Task to carry out
Of all the lines in the entries below, give again exactly those starting at the line containing "- Afbeelding 1" and ending at the line containing "Baia Village - Praia", both ends included, and no others.

Supplied information
= Beginning of Section =

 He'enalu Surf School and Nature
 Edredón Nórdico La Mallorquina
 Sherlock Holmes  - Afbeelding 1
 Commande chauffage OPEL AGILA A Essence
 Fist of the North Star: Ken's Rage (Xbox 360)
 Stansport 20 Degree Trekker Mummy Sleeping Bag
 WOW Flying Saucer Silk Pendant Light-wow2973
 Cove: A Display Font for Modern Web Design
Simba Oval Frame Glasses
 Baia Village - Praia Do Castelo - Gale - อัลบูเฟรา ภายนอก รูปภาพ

= End of Section =
= Beginning of Section =

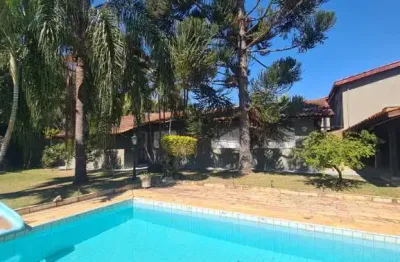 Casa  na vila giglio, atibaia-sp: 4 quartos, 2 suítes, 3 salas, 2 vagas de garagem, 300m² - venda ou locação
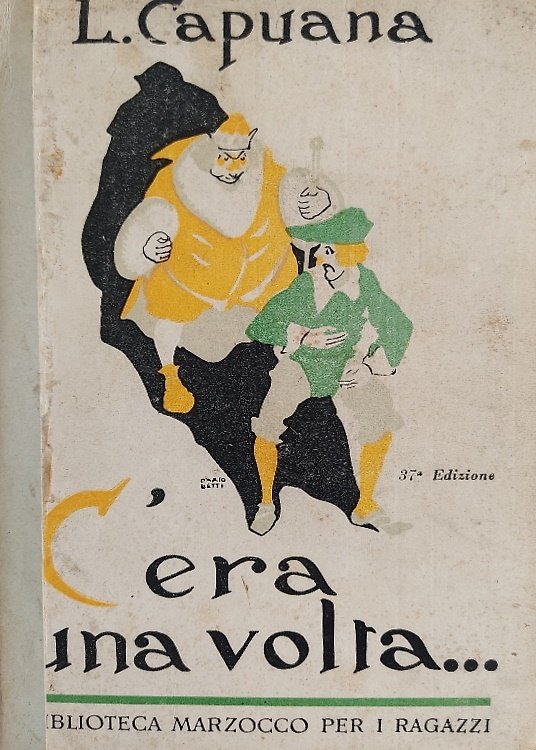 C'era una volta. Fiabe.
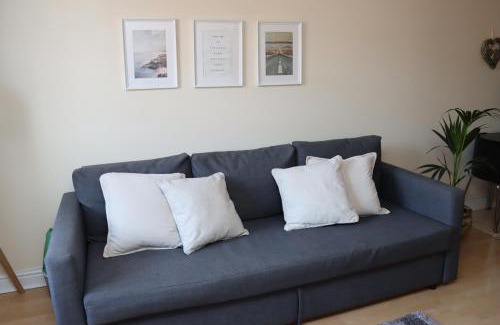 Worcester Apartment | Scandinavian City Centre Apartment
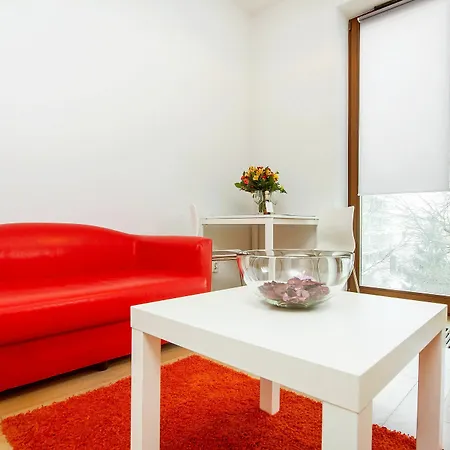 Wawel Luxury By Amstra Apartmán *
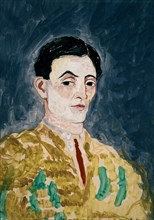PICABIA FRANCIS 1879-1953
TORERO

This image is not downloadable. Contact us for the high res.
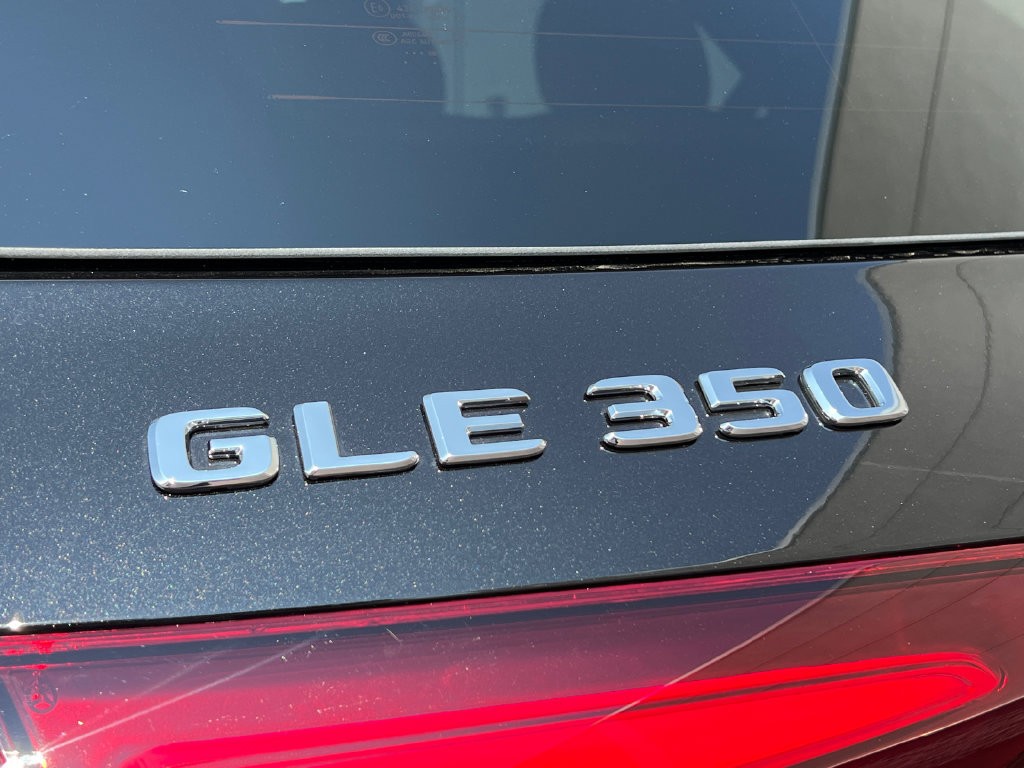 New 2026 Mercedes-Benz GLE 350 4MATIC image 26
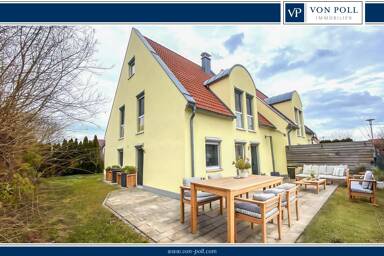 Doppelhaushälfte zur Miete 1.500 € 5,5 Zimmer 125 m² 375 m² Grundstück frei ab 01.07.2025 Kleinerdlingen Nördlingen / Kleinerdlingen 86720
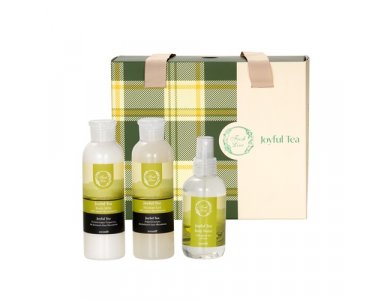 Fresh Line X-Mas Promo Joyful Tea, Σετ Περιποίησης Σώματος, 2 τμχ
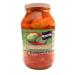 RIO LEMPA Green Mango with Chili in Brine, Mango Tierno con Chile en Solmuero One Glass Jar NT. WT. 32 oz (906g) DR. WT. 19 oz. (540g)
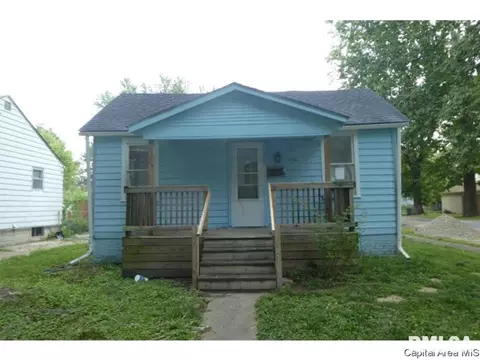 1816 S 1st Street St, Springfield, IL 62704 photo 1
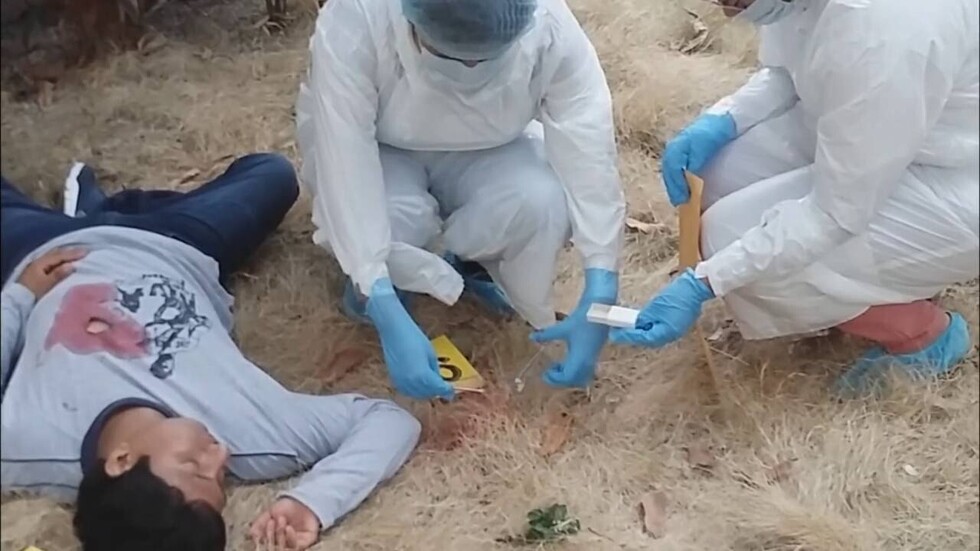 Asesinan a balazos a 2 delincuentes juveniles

= End of Section =
= Beginning of Section =

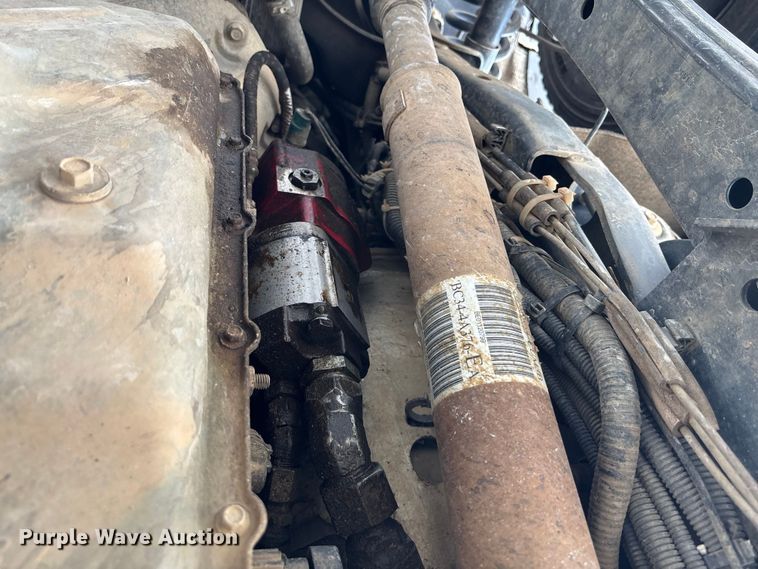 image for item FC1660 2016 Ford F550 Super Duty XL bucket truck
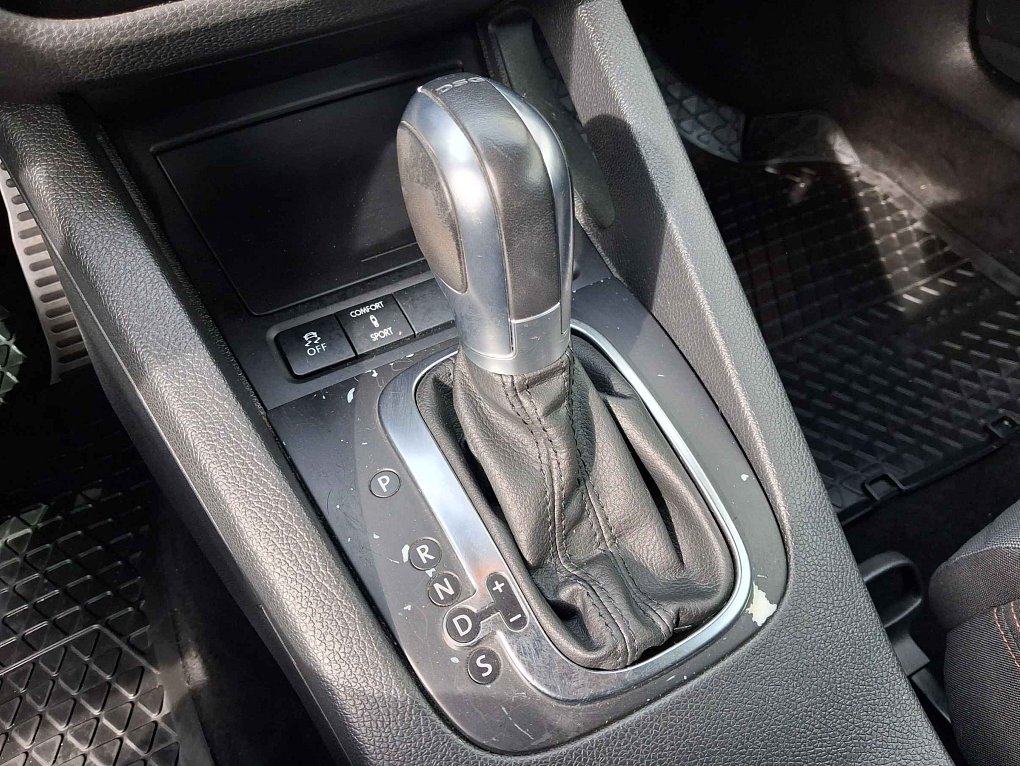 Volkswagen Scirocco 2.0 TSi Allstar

= End of Section =

Exercise solution
 Sherlock Holmes  - Afbeelding 1
 Commande chauffage OPEL AGILA A Essence
 Fist of the North Star: Ken's Rage (Xbox 360)
 Stansport 20 Degree Trekker Mummy Sleeping Bag
 WOW Flying Saucer Silk Pendant Light-wow2973
 Cove: A Display Font for Modern Web Design
Simba Oval Frame Glasses
 Baia Village - Praia Do Castelo - Gale - อัลบูเฟรา ภายนอก รูปภาพ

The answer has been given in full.